The voice emerges from our vibrating vocal folds, and then our responsive and malleable vocal tract sculpts the sounds that emerge. This process is dependent on a wide range of variables such as: biological, emotional, cultural and contextual and as such, it is ever in flux, under a strange combination of conscious control, unconscious learned habits, physical limitations and potentials – we do fashion our sound – even if we are oblivious to ourselves doing it. 

Fashioning the Voice amplifies the ‘fashioning’ process. The singing coat ‘makes’ voice, shapes voice, and projects voice; it literally vibrates with voice. It echo’s and resonates with the agency we choose to use, shape and move in clothing – grounding it in a dialogue between the ‘biological’ (or more fixed) aspects of embodiment and the tactile, visual and choreographic qualities of clothing. Using ‘voiced’ clothing we stage identity and mark a marginal space that can be played with (Kaiser 2001).

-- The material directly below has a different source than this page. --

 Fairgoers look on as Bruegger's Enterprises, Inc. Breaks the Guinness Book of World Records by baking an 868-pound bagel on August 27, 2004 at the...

For contextual and academic references please visit: https://www.researchcatalogue.net/view/551062/551063

How the coat works

A microphone is positioned on the collar of the coat to capture the voice of the participant or we can work with a recorded voice. We have different sensors built into the coat to gather data from the body’s interaction including: two inertial measurement unit (IMU) sensors on the left and right hand for an accurate orientation of the hands. An IMU sensor at the bottom of the coat to measure movement of the whole body and light sensor on the collar. Pockets are lined with conductive stretch fabric sensors that gather data from stretching the fabric; as the participant pushes their hands into the pockets they can hear the pocket space respond. As the participant moves (lifting arms, rotating wrists, spinning around or lifting the collar) we capture this data and use real time audio manipulation to send the voice cascading back out of the coat. We can further experiment and manipulate in real time by controlling how different movements affect the sound of the voice – changing tone, pitch, volume and echo – the options are endless. We can even play around with the facility to record and playback audio.

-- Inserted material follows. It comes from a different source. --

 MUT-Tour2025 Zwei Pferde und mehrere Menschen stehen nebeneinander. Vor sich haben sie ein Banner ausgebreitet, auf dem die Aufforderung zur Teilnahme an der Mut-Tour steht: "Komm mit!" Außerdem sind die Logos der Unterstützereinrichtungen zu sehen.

The following sensors are used within the coat:

  • Light sensor (Phidgets Light Sensor 70,000 lux) – placed under the right collar to allow the participant to experiment with the position of the collar and allow light into the sensor. 

  • IMU sensor (NGIMU and x-BIMU) – there are two NGIMU, one on each sleeve and one x-BIMU sensors at the bottom of the coat. These sensors capture hand gesture and movement from the participant as well as whole body movement.

  • Stretch fabric sensor (EeonTex Conductive Stretchable Fabric) – reacts when hands are placed in the pockets.

  • x-OSC board – powers the sensors and establishes a WIFI connection with the computer for transmitting the data.